The world knows a lot about us, and in ways removed from specific military actions. Their elites come here, and increasingly their middle class. They know our unemployment problem—it’s not a secret. They take the train from New York to Washington and see the abandoned factories. They know about our budget problems, they know who holds our bonds. They read about the kids who are bored so they killed the visiting Australian baseball player, and the kids so bored they killed a World War II veteran. They read about the state legislator who became a hero for defending late-term abortions—they see the fawning interviews. They go home with the story of the guy who spent his time watching violent videos and then, amazingly, acted out his visions of violence at the Washington Navy Yard. They notice our mass killings are no more than two-day stories.
And of course it isn’t only “the world” that sees this—Americans see it. And they are worried about their country. Deep down they, too, wonder if we are still a great nation or will be able to remain one. They think our economy is in a shambles and our government incapable, at the moment, of creating the conditions that will allow it to come back. They fear our culture is rotting our children’s heads.
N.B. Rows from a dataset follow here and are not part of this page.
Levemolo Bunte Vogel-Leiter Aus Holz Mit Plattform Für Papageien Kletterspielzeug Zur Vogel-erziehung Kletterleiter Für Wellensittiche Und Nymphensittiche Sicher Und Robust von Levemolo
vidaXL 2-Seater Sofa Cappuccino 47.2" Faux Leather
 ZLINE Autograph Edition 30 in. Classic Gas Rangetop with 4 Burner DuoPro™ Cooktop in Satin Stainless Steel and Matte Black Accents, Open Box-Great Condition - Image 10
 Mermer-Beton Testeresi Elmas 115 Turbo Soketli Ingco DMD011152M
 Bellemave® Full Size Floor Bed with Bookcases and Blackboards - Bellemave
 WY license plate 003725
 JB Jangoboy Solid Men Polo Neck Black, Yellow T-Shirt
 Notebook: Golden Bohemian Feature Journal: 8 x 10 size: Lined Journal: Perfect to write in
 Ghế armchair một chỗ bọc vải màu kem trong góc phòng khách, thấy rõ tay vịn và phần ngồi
And so, asked to support a strike that could spark a response that could start a real war they say no, not now and not in Chinatown. But this is not a turning inward, it is not about fortress America. They do not think they are protecting an unsullied beacon of light from the machinations and manipulations of the cynical Old World. They have fewer illusions than their policy makers do!
They are not “armchair isolationists.” If you’ve ever taken a walk in one of our cities or suburbs—if you’ve ever taken a walk in America—you know we have all the people in the world here. You can barely get them off the phone back home with Islamabad, Galway and Lagos. Longtime Americans deal every day, in the office and the neighborhood, with immigrants and others from every culture and country. And so many of the new Americans are trying desperately to adhere to America, to find reasons to adhere. They are not unaware of the larger world. They came from the larger world. They’re trying to love where they are.
They know this place is in need of help and attention. They care about it. That impulse should be encouraged and lauded, not denigrated as narrow-minded or backward. They’re trying to be practical. They’re Americans trying to take stock in their nation and concluding: “We have got to get ourselves in order, we have got to turn our attention to getting stronger. Then we will be fully credible in the world.”
What I am saying is that the old, Washington definition of credibility, which involves the projection of force in pursuit of ends it thinks necessary, and the American people’s definition of credibility, which is to become stronger and allow the world, and the young, to understand you are getting stronger, are at variance. And that will have implications down the road.
The public’s sense of U.S. credibility, and how it is best secured and projected, probably began to vary more broadly from Washington’s when the Great Recession hit home, five years ago this week.
Political leaders have got to start twigging on to this. It’s not as if it just happened. They can argue for any foreign military action they think necessary, but the American people will not be of a mind to support it until they think someone is really trying to clean up America.
A diplomat might say, “But the world will not go on vacation while America gets its act together!” True enough, and that fact will demand real shrewdness from America’s leaders, who in the past few weeks got quite a lesson in how Americans on the ground view American priorities.